Word for word, copy every line of the data.

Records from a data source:
# # # # #
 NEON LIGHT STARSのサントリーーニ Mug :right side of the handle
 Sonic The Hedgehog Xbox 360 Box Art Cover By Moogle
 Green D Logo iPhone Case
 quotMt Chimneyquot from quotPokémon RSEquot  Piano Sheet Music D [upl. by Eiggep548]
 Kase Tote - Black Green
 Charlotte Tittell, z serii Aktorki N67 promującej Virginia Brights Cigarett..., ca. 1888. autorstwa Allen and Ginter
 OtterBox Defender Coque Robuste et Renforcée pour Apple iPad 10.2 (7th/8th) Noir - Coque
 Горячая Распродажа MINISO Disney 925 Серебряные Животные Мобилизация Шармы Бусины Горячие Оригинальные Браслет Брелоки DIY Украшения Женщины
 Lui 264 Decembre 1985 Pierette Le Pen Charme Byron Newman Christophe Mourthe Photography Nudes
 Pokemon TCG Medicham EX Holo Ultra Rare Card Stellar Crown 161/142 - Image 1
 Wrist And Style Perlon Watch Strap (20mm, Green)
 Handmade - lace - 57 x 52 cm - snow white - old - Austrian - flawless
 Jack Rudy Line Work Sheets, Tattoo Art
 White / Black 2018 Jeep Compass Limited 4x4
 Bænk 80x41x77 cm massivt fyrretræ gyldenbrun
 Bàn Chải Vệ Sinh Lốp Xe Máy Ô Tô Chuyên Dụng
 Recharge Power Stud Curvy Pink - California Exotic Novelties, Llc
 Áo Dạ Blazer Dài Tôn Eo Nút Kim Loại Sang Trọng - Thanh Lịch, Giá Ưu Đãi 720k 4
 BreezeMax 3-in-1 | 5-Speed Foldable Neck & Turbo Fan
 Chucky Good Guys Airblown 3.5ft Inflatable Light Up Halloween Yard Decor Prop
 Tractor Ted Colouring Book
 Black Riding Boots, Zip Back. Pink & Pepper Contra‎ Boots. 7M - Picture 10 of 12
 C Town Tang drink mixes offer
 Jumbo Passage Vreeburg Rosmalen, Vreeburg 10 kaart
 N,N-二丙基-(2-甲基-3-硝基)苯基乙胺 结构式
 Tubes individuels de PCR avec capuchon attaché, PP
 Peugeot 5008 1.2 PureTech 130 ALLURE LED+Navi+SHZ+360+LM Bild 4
# # # # #
*RESPONSE AREA*:
 NEON LIGHT STARSのサントリーーニ Mug :right side of the handle
 Sonic The Hedgehog Xbox 360 Box Art Cover By Moogle
 Green D Logo iPhone Case
 quotMt Chimneyquot from quotPokémon RSEquot  Piano Sheet Music D [upl. by Eiggep548]
 Kase Tote - Black Green
 Charlotte Tittell, z serii Aktorki N67 promującej Virginia Brights Cigarett..., ca. 1888. autorstwa Allen and Ginter
 OtterBox Defender Coque Robuste et Renforcée pour Apple iPad 10.2 (7th/8th) Noir - Coque
 Горячая Распродажа MINISO Disney 925 Серебряные Животные Мобилизация Шармы Бусины Горячие Оригинальные Браслет Брелоки DIY Украшения Женщины
 Lui 264 Decembre 1985 Pierette Le Pen Charme Byron Newman Christophe Mourthe Photography Nudes
 Pokemon TCG Medicham EX Holo Ultra Rare Card Stellar Crown 161/142 - Image 1
 Wrist And Style Perlon Watch Strap (20mm, Green)
 Handmade - lace - 57 x 52 cm - snow white - old - Austrian - flawless
 Jack Rudy Line Work Sheets, Tattoo Art
 White / Black 2018 Jeep Compass Limited 4x4
 Bænk 80x41x77 cm massivt fyrretræ gyldenbrun
 Bàn Chải Vệ Sinh Lốp Xe Máy Ô Tô Chuyên Dụng
 Recharge Power Stud Curvy Pink - California Exotic Novelties, Llc
 Áo Dạ Blazer Dài Tôn Eo Nút Kim Loại Sang Trọng - Thanh Lịch, Giá Ưu Đãi 720k 4
 BreezeMax 3-in-1 | 5-Speed Foldable Neck & Turbo Fan
 Chucky Good Guys Airblown 3.5ft Inflatable Light Up Halloween Yard Decor Prop
 Tractor Ted Colouring Book
 Black Riding Boots, Zip Back. Pink & Pepper Contra‎ Boots. 7M - Picture 10 of 12
 C Town Tang drink mixes offer
 Jumbo Passage Vreeburg Rosmalen, Vreeburg 10 kaart
 N,N-二丙基-(2-甲基-3-硝基)苯基乙胺 结构式
 Tubes individuels de PCR avec capuchon attaché, PP
 Peugeot 5008 1.2 PureTech 130 ALLURE LED+Navi+SHZ+360+LM Bild 4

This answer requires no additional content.